Once the red team compromised the IoT device, they used that access to find a computer that could send internal emails, thereby bypassing FirstBank's phishing filters. The red team conducted two phishing campaigns to collect two types of credentials. One worked; in the other case, an employee turned the email over to the security team, and the team stopped the attack.
Even though the security team had detected the phishing attack and determined it was coming from somewhere inside FirstBank's system, they couldn't pinpoint where. Smith chalked this up to the fact that the red team was operating from an IoT device using a zero-day vulnerability; these exploits, he repeated, are "very hard to detect."
So, the blue team recommended activating FirstBank's incident response retainer — a team of outside cybersecurity experts who come in to clean up after a cybersecurity attack. Smith said he was proud of his blue team and that the moment was a win for them. "They knew they were out of their element," Smith said.
He denied the request to activate the incident response team, as he didn't want to spend money having them respond to an exercise. So he told his team that the people behind the IoT device attack were members of a red team and challenged them to do their best responding themselves.
At that point, the red team went silent, to try to avoid detection, all the time maintaining the access they had gained — and that Smith allowed them to keep. After months of lying dormant, they planned an attack using knowledge of FirstBank's Active Directory system, which is a service that authenticates and authorizes users in enterprise Windows systems.
The attack worked. Smith spared the details, but at a basic level, the red team forced a password reset on one user; that user had control over the account of a second user with domain administrator privileges; and "within 15 minutes," the red team gained full control over the system. At least, hypothetically; the red team didn't exercise this control because they were hired by Smith for the exercise.
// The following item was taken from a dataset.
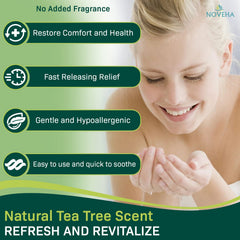NOVEHA Cucumber extract formula visual showing soothing sensation on skin.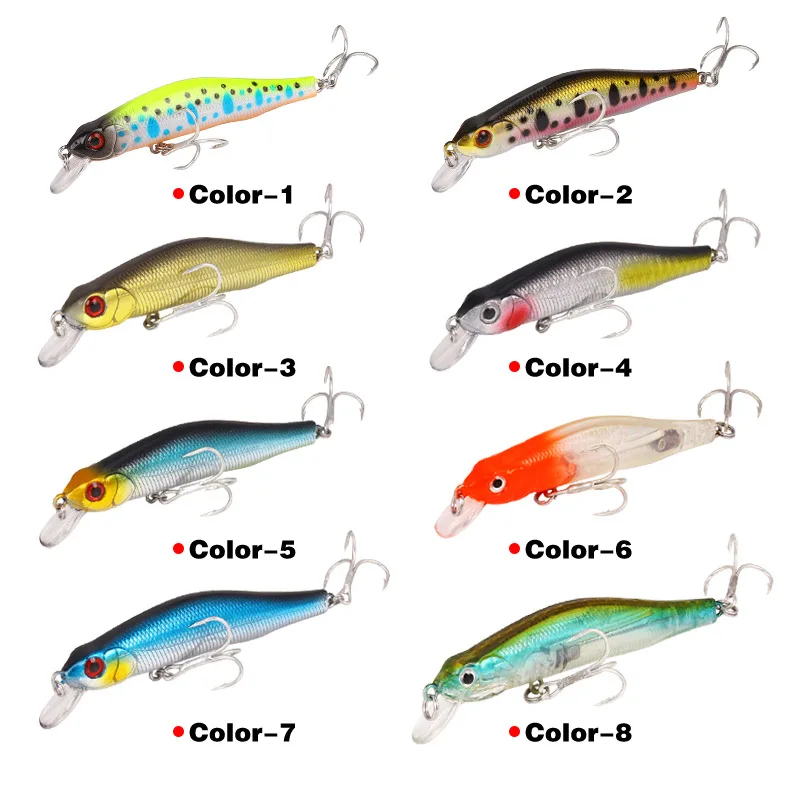 

1PCS Fishing Lure Minnow Crankbait Hard Bait Tight Wobble Slow Sinking Jerkbait Fishing Tackle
Smith said that, even though the blue team eventually lost to the red team in the end, the failure provided innumerable lessons that were valuable to the institution as a whole, which he shared with the session attendees. For starters, the users who fell for the phishing attacks and password reset attacks would be far less likely to make those same mistakes again, he said.
But the broader takeaway, he said, was how valuable this kind of long-term red team exercise can be. Many times, banks and other firms enter into two-week contracts with red teams to save time and money while trying to learn where their vulnerabilities are. But in Smith's case, it took years for the red team to compromise just the outer perimeter of FirstBank's computer systems.
Continuous red team exercises also emulate attackers more realistically, Smith said.
"Attackers aren't on two-week contracts," he said in his presentation. They can — as the red team did — go inactive for months on end once they gain initial access to avoid detection.
Ultimately, continuous red team exercises make the prospect of a cyberattack against a bank much more real for the people defending it, Smith said. Cyberattacks become more than something that just happens in the news; they become something that can actually happen to the bank.
"It just changes the way people think," he said. "Nobody can say, 'It's happened in the news to other companies, but it couldn't happen here.' It will happen here, because we're paying someone to do it 24/7."